A review by hidusty
Joe Vampire by Steven Luna

4.0

I’m really struggling with how to review Joe Vampire by Steven Luna. It’s fairly easy for me to write a book review but this is made more complicated by the fact that it’s less book than blog. Traditional fiction has a setup, a disaster, a resolution, more disaster, more resolution, etc. There is tension while you wait to find out if your hero or heroine survives or escapes from some crisis but Joe Vampire lacks much of that conflict, with the exception being the end.

It’s hard to worry about Joe because you know it's his blog and as long as he's updating it that he’s fine. We know that despite what we’re about to hear, despite any crisis, that Joe Vampire is obviously fine. Maybe not psychologically but physically. And maybe that’s really what this is all about. Maybe it's more about his growth than the events that conspire to affect that growth.

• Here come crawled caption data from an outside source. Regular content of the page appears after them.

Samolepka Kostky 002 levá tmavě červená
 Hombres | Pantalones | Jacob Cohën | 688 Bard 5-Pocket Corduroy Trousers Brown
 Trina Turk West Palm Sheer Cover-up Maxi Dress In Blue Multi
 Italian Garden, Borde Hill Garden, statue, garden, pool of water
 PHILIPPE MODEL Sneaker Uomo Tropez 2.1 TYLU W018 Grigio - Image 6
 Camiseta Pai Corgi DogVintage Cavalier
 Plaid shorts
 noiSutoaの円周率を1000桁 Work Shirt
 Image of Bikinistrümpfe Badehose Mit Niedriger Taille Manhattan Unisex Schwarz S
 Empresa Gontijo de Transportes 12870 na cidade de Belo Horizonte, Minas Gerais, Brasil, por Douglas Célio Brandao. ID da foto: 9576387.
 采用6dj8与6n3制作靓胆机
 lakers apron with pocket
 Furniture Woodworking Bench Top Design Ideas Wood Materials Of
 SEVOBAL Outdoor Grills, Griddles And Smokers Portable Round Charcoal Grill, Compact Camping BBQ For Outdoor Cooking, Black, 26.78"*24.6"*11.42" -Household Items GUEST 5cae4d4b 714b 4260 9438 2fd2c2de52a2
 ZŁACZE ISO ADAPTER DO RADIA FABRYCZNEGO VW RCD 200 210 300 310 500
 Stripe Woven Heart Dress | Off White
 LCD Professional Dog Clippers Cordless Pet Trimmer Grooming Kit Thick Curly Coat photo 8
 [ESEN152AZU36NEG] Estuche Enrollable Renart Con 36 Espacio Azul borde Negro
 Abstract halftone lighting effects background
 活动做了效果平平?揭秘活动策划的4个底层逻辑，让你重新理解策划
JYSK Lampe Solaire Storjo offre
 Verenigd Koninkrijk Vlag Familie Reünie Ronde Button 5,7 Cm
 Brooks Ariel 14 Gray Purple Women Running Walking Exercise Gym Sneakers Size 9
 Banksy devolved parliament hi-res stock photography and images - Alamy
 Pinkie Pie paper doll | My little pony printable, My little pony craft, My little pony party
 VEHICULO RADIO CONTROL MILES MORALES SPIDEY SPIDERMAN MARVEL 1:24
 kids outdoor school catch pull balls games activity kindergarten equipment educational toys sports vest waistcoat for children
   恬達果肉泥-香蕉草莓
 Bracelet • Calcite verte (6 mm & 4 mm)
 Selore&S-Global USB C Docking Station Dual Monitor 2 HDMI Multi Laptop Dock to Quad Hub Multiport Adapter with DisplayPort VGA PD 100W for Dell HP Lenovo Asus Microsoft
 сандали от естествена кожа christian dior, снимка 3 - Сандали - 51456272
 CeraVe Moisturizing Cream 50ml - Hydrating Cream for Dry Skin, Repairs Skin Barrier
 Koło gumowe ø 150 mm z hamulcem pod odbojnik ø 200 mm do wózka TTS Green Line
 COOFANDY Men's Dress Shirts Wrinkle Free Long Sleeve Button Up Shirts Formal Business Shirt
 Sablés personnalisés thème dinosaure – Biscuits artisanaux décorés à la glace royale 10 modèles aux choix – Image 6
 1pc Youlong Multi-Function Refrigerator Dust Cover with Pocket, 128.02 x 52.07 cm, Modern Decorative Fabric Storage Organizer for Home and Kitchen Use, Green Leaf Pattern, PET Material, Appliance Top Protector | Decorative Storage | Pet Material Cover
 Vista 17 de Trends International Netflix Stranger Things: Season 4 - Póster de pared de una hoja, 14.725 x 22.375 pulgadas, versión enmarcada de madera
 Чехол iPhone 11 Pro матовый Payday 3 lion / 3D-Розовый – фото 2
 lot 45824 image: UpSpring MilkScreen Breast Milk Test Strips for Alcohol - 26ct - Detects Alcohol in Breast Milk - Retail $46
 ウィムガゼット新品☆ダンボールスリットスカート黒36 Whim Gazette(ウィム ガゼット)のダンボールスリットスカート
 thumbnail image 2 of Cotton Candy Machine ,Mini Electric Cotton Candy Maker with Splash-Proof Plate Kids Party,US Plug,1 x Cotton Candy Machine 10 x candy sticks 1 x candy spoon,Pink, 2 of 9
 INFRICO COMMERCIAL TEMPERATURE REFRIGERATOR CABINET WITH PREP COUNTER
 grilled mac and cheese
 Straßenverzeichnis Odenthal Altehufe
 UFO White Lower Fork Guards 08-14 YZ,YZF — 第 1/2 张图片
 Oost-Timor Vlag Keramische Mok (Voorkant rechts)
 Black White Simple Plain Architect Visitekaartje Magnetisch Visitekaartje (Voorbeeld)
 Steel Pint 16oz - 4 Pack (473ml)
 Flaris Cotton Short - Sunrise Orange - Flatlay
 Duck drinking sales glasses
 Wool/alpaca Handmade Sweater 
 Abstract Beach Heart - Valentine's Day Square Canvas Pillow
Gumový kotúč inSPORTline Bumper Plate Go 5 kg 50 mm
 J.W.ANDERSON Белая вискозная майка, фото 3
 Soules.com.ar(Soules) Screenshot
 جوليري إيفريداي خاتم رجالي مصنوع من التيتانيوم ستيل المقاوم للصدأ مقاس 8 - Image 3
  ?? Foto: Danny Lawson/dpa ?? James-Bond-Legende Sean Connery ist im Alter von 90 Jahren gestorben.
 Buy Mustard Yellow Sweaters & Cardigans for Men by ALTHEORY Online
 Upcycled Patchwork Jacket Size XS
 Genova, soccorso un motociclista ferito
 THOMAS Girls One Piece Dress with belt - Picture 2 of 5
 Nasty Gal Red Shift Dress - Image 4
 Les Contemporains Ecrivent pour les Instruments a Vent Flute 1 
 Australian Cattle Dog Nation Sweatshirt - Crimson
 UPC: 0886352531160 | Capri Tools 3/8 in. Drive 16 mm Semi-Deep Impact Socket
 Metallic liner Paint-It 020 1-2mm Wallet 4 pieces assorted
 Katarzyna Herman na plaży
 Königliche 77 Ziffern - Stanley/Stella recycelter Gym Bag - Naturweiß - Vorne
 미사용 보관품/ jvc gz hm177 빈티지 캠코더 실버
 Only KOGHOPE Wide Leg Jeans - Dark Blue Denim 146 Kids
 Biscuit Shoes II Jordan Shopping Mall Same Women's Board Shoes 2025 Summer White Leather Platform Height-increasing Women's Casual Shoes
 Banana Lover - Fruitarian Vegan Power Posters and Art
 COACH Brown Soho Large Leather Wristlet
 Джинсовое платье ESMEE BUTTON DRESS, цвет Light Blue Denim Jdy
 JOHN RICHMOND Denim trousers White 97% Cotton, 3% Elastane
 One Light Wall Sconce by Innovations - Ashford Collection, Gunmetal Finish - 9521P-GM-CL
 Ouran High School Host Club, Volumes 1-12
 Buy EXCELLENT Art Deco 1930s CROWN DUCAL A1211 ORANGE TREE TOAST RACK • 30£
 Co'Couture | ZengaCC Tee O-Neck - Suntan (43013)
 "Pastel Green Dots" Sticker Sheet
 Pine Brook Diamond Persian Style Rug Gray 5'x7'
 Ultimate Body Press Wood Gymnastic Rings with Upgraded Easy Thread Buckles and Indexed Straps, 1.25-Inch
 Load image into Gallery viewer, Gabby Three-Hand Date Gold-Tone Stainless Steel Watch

This book is not for folks who hate blogs. The same stuff you hate about personal blogs, you’ll hate about this book. But that’s not an insult to Mr. Luna’s Joe Vampire. It’s actually quite the complement because for all of the “okay, I’m getting bored” I kept reading because Joe FELT real. I didn't feel like I was reading the blog of a fictional character. Joe’s voice rang true. I got the idea that I knew him pretty well. If you took the vampire aspect out and placed it online folks would absolutely believe this was an honest to goodness account of a guy who works a ‘meh’ job, pines for a girl, has a blow up with his best friend, etc. In short, the tagline for Joe Vampire “Just a dude who'll never die, trying to figure out how to live” is brilliant. And honest.

Joe Vampire is not your normal fiction. It’s absolutely a blog in book form. If you love blogs, if you dig the voyeuristic nature of them, then you’ll enjoy Joe Vampire.

I’m looking forward to Joe 2. However, I think I’ll take a different approach to Joe 2, if the format is the same. I think I’ll read a post and set it down for a day. Read another post and set it down. Joe is great, but just like other human beings I can only take so much “me” talk. I guess that’s my personal opinion about blogs. The fact that Joe can endear himself to me and annoy me with his issues is actually a supreme compliment.

You should give the dude vampire a shot. At the end you may find yourself believing they are possible. Joe’s existence is certainly more believable than Edward Cullins. I’m sorry, Fredward Mullins. I get my Nightfall confused with my Twilight. My bad.